Predictors Of Survival And Successful Response To Upfront Uc-Msc Treatment In Acute Gvhd Patients: Findings From A Randomized, Double-Blinded, Placebo-Controlled Multicentre Clinical Trial

  • Journal: European Hematology Association 2024 Congress: June 13-16: Madrid, Spain
  • Authors: Sze-Piaw Chin¹, ², Sen Mui Tan³, Kian Meng Chang⁴, S Fadilah S. Abdul Wahid⁵, Azizan Sharif⁶, Sharifah Shahnaz Syed Abd Kadir³, Nik Syazana Izyan Saffery¹, Lihui Tai¹, Nurul Natasha Mohd Anuar¹, Kong Yong Then¹, Soon Keng Cheong²

Affiliation

  1. Cytopeutics Sdn Bhd, Cyberjaya, Selangor, Malaysia
  2. M. Kandiah Faculty of Medicine and Health Sciences, Universiti Tunku Abdul Rahman – Kampus Sungai Long, Kajang, Selangor, Malaysia
  3. Hospital Ampang, Ampang,Selangor, Malaysia
  4. Sunway Medical Centre, Bandar Sunway, Selangor, Malaysia
  5. Universiti Kebangsaan Malaysia, Cheras, Selangor, Malaysia
  6. Hospital Sultanah Aminah, Johor Bahru, Johor Bahru, Johor, Malaysia. Ampang Hospital, Ampang, Selangor, Malaysia

Background

In spite of advancements in the acute graft-versus-host disease (aGVHD) management, the prognosis remains unfavorable, highlighting an ongoing, unmet need for satisfactory treatment. Previously, we outlined preliminary results of administering allogenic human umbilical cordderived mesenchymal stem cells (UC-MSCs) infusion alongside corticosteroids in aGVHD patients. UC-MSCs demonstrated a quicker and sustained complete response, and a superior 3month survival rate when compared to the placebo group.

Aim

We provide an in-depth analysis with a prolonged follow-up and subgroup assessment based on immune cell subsets findings. 

Methodology

In this phase I/II trial, patients with grade II-IV aGVHD were randomized to receive up to three upfront infusions of UC-MSC (5×106 cells/kg bw) or placebo (ClinicalTrials.gov: NCT03847844). Informed consent was obtained from each participant. The measurements were taken at 14 and 28 days for the overall response (OR), and 3 and 12 months for the overall survival (OS). Based on the initial levels of circulating CD4+ terminally differentiated effector memory T (TEMRA) and CD8+TEMRA in the patients, subgroup analyses were conducted.

Results

A total of 22 patients participated in the study, with 14 receiving UC-MSCs and 8 receiving placebo. No adverse events related to the treatment were reported. Those who received UCMSCs exhibited improved OR rates at Day 14 (78.6% vs 75%) and Day 28 (78.6% vs 62.5%), as well as higher OS rates at 3 months (85.1% vs 62.5%) and 12 months (56.7% vs 37.5%) compared to the placebo group. Subgroup analysis based on baseline CD4+TEMRA >35% or CD8+TEMRA >70% demonstrated elevated OS at 3 months (100% vs 80%; 100% vs 80%) and 12 months (83.3% vs 60%; 71.4% vs 60%) for UC-MSCs recipients versus the placebo group. Correlation analysis revealed that OS at 12 months was positively related to OR at Day 28 (r=0.67, p<0.001), baseline CD4+TEMRA (r=0.54, p=0.009), and CD8+TEMRA (r=0.45, p=0.036). 

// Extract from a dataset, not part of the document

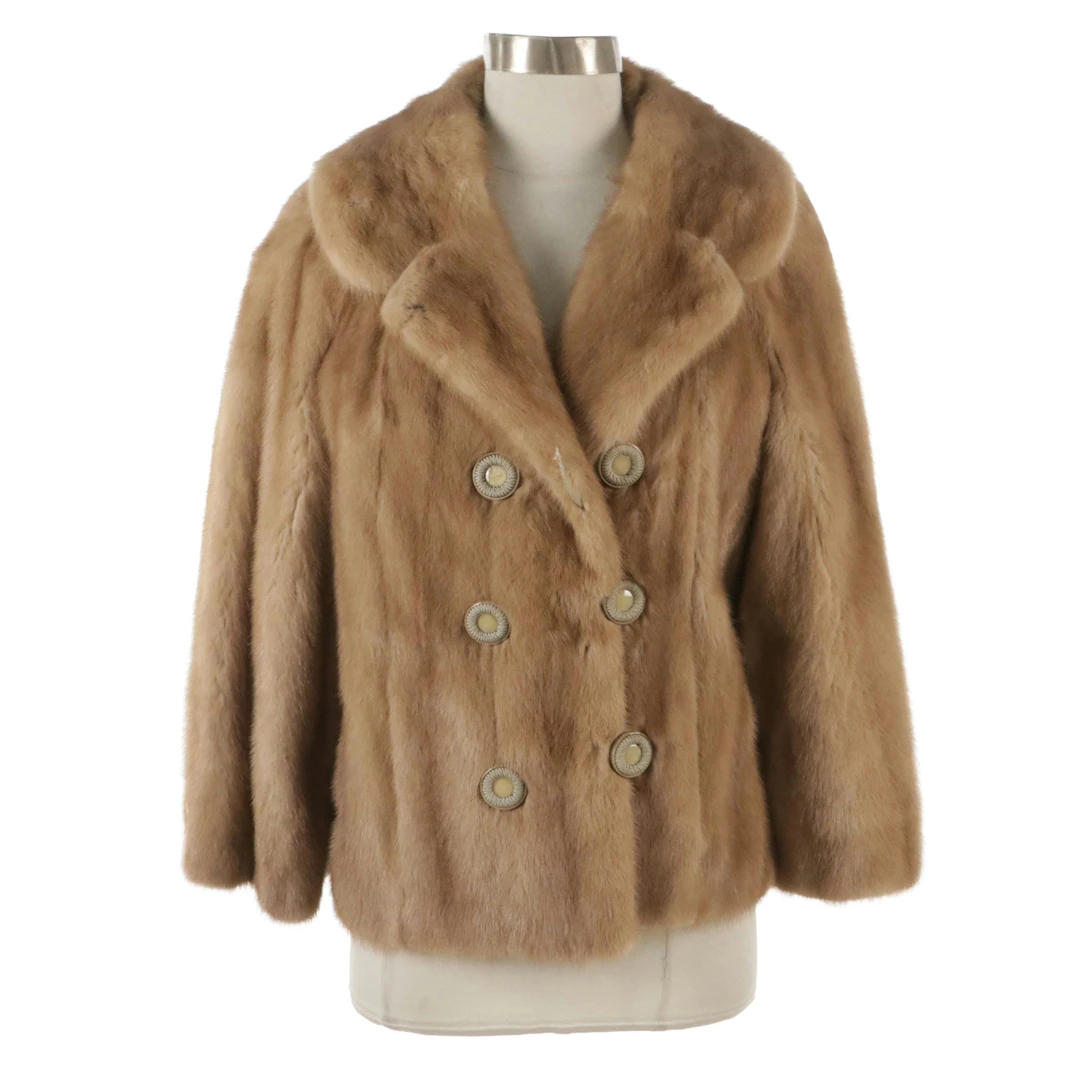 Pastel Mink Fur Jacket by Davidson's with Vincents Mink Fur Cloche Hat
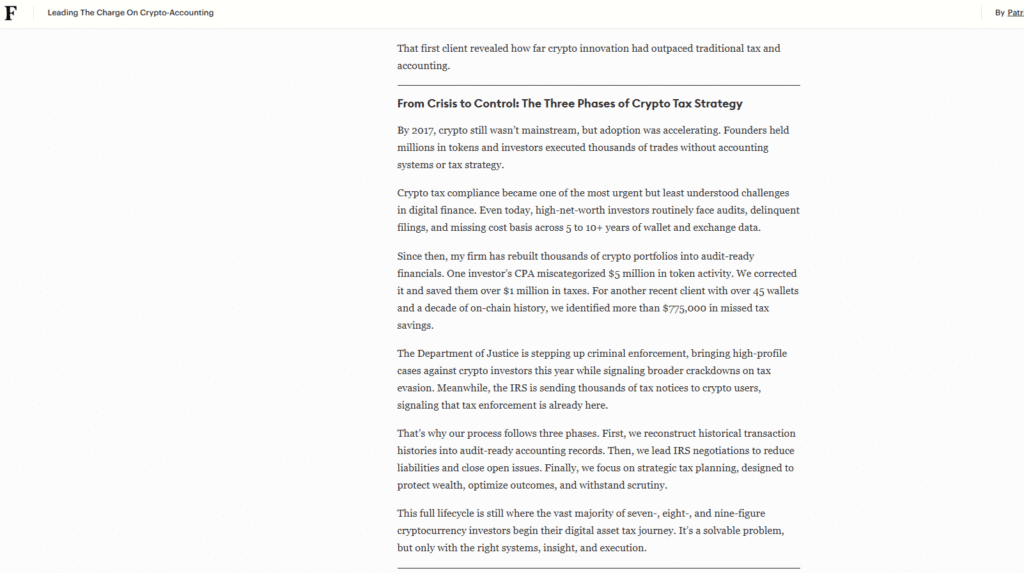 Forbes highlights Camuso CPA's proprietary on-chain tax and accounting system.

In the severe grade III-IV group, individuals with >35% baseline CD4+TEMRA and received UCMSCs had a higher likelihood of surviving up to 12 months compared to those in the placebo group (83% vs 50%). Conversely, those with <35% CD4+TEMRA in the placebo group had 0%survival regardless of aGVHD grade (p=0.01). Notably, all patients with grade III-IV aGVHD who had baseline CD8+TEMRA >70% and received UC-MSCs were alive at 12 months, while none of the patients with CD8+TEMRA <70% in the placebo group survived (p=0.01). 

Conclusion

OR at day 28 predicts survival at 3 months and 12 months. Our findings demonstrate that the administration of upfront UC-MSCs led to enhanced OR at Day 28 and increased survival rates at both 3- and 12-month in aGVHD patients, specifically those in grade III-IV with baseline CD4+TEMRA exceeding 35% or CD8+TEMRA surpassing 70%, as opposed to the placebo group. CD4+TEMRA or CD8+TEMRA are potential predictive markers that could be used to identify subsets of patients who experience significant benefits from upfront application of UC-MSCs, promising precision of patient selection and a cost-effective strategy.